SQS Timeout from Lambda in VPC Using VPC Endpoint
Asked Answered
A

1

2

This is basically the same issue as in this question, but the answers there didn't get me to a solution.

My configuration is: 1 VPC, 1 subnet, 1 security group. My Lambda runs in the VPC/subnet/security group and tries to add a message to an SQS queue, but gets a timeout. I've double-checked the permissions granted to the lambda, the policy on the VPC Endpoint, the policy on the SQS queue, opened the rules on the Security Group, ensured the Network ACLs are open.

I successfully went through this tutorial, which sets up VPC/etc+EC2 with cloudformation, then demonstrates sending a message to SQS from EC2.

To reproduce my problem, I started with the cloudformation from that tutorial and added the following to it:

  • the VPC Endpoint (rather than creating it through console like in the tutorial)
  • a Lambda (plus IAM role+policy) in the same VPC that tries to send a message to the SQS queue

The resulting cloudformation template is below.

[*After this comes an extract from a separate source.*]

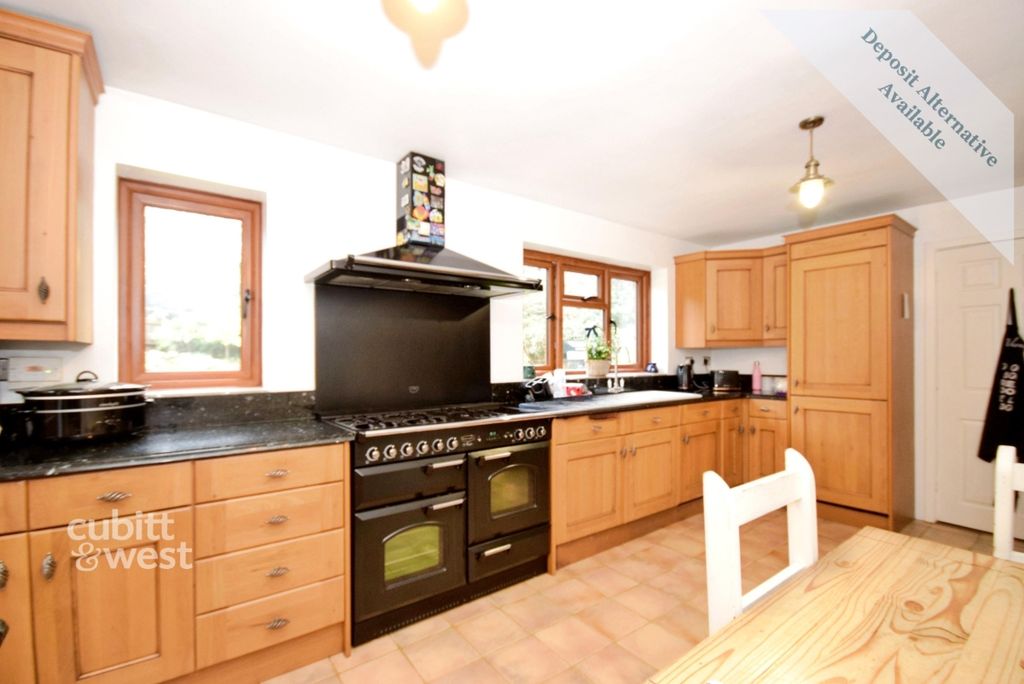 Additional image 4 of 6 bed detached house to rentCrawley Lane, Crawley RH10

I can reproduce the problem like this:

  1. Create the cloudformation template (see below) (note that I had to make one small change to the template in the tutorial to get it to work in us-west-2).
  2. SSH to the EC2 and run the command to send an SQS message (see step 5 from the tutorial). This succeeds.
  3. In the console, go to the Lambda, paste the URL of the SQS queue into the code, deploy, and run the lambda. It times out.
  4. In the console, edit the Lambda configuration to set VPC=None, then rerun the lambda. It succeeds.

So the SQS queue is accessible by the lambda outside the VPC, and by EC2 inside the VPC/subnet/sg, but not the lambda inside the VPC/subnet/sg.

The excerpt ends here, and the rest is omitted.